At a glance
- Role: Lead design researcher (solo)
- When: Jan-Feb 2024
- Context: The Sightline MVP for EV-charger rebate intake; regulated utility environment; LI/EJ/R3 focus; ADA/WCAG 2.2 compliance goals.
- Stakeholders: Walker-Miller Energy Services (prime) + ICF (platform) + ComEd (client)
- Users: Residential customers and contractors
- Constraints: PII/consent, accessibility compliance, remote-only sessions (desktop), small N for speed.
Problem
Early MVP feedback signaled friction around information scent, navigation, and accessibility; especially when returning to check the application status or when contractors needed to submit multiple applications.
What I did
- Audit: Combined WCAG 2.2 (POUR) + Nielsen’s Usability Heuristics, using WAVE/aXe, cognitive walkthroughs, and severity ratings to prioritize issues.
- Usability test (n=5): Remote moderated sessions (Teams) with representative residential users; 5 core tasks; captured Success Criteria Scoring (SCS), Single Ease Question (SEQ), and UX-Lite transformed into System Usability Scale (SUS); think-aloud for qual.
- Rapid Iteration: Partnered with devs to ship a mid-study fix and measured its effect immediately.
Key Insights
Information scent gaps created avoidable friction
Users hesitated on “Account Number” (ComEd vs. newly created account), and didn’t know acceptable file formats. Inconsistent use of asterisks obscured what was really “required”.
Recommendation: Clarify labels (“ComEd Account Number”), include format examples/validation, list accepted file types, and use asterisks consistently.
Account Number
File Formats

Error Labeling

Error Recovery (mobile) Before and After
On mobile, there was no indication why Create Application failed, and no path to resolution offered. I suggested informational cues for error handling.
Status-check flow broke expectations
Returning users landed on a blank application instead of Home. This caused confusion and wasted clicks. The brand logo acted as an external link taking users out of the experience.
Recommendation: Route returning users to Home and reserve “Create new application” for contractor personas.
Contractor multi-application workflow was hidden
Recommendation: Add a visible “Create New Application” CTA on Home for contractors (implemented mid-study).
Before and After


Accessibility/Interaction issues
Primary CTAs competed with each other. There was no visual hierarchy.

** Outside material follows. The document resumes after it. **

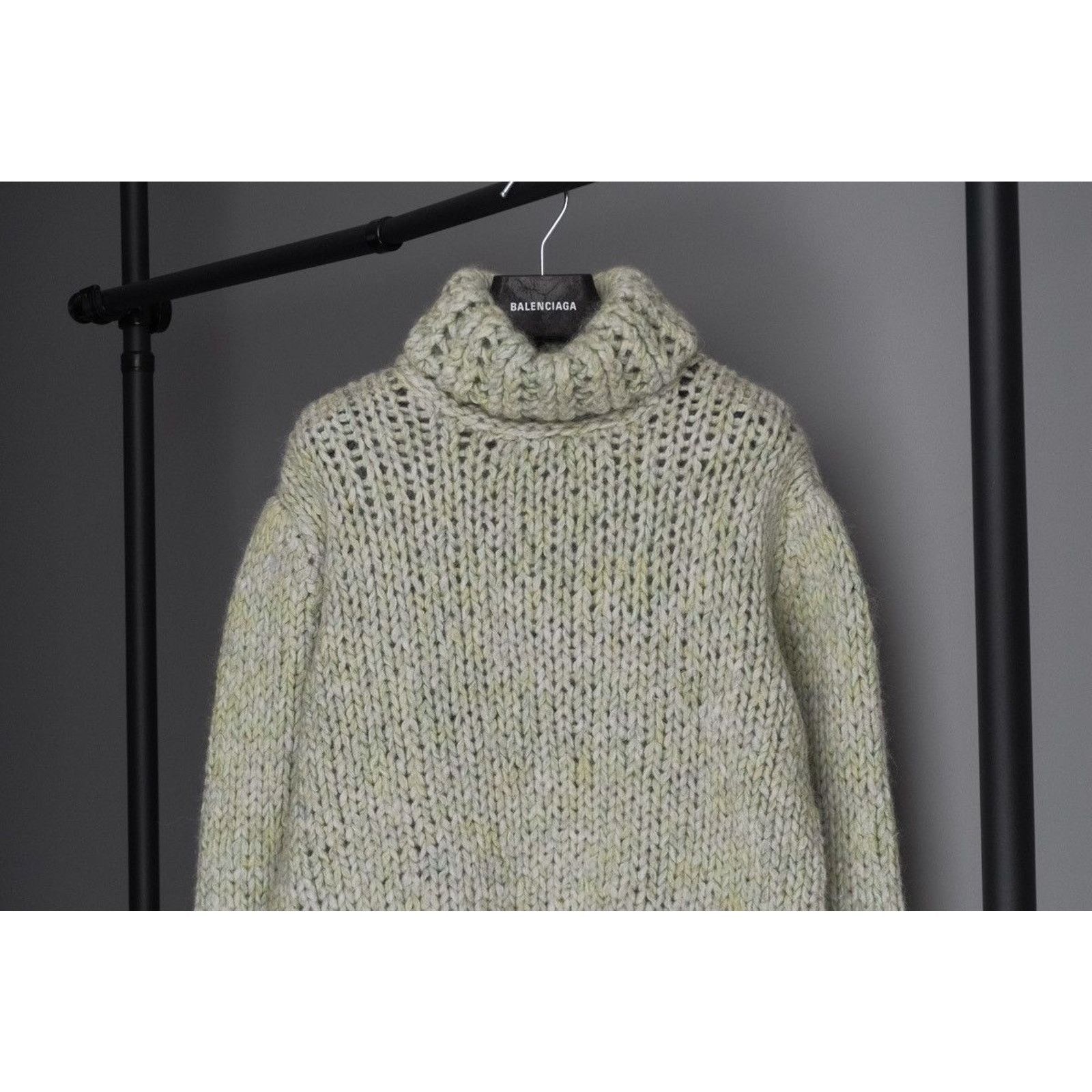 Missoni Vintage missoni melange green knit wool turtleneck sweater Size M / US 6-8 / IT 42-44 - 2 Thumbnail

The Next button advanced users to the bottom of the next page (loss of context), and domain terms (e.g., “prevailing wage”) lacked inline help.
Recommendations: Primary/Secondary/Tertiary button styles. Scroll to top on page advance. Provide users with inline definitions and make use of tooltips.


Outcomes
We documented an immediate behavior change after adding “Create New Application” on Home, participants 4-5 completed the contractor task with no issues, versus consistent struggling for participants 1-3.
Usability scores:
SCS:

- SUS: 73.82 (above the 68 average benchmark)
- SEQ (ease 7-pt): Task 3 (status check) 4.9; Task 4 (create 2nd app) 5.2; both highlighted where design changes would yield ROI.

Risk and compliance posture: Heuristic/POUR findings informed fixes for headings hierarchy, step navigation, and color contrast, reducing ADA exposure while aiding screen-reader flows.